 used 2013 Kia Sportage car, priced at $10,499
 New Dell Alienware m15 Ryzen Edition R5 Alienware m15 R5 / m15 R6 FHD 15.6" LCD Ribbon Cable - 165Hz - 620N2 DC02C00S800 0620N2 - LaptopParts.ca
+-------+
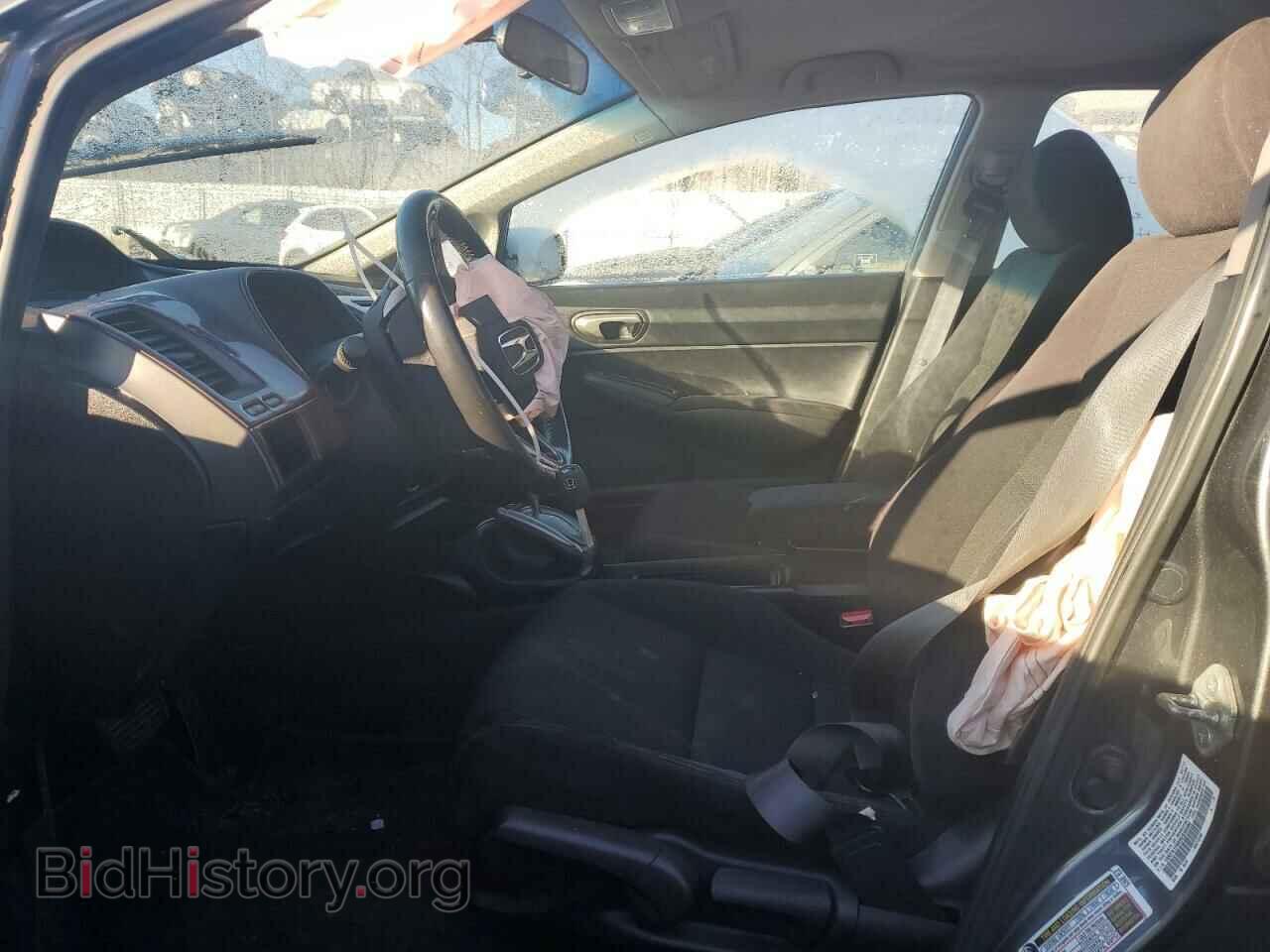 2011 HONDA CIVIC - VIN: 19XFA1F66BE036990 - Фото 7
+-------+
GOAL OF THE EXERCISE -> Within the material above, transcribe exactly the lines that run from the line holding "used 2013 Kia" through the line holding "New Dell Alienware".

SOLUTION ->
 used 2013 Kia Sportage car, priced at $10,499
 New Dell Alienware m15 Ryzen Edition R5 Alienware m15 R5 / m15 R6 FHD 15.6" LCD Ribbon Cable - 165Hz - 620N2 DC02C00S800 0620N2 - LaptopParts.ca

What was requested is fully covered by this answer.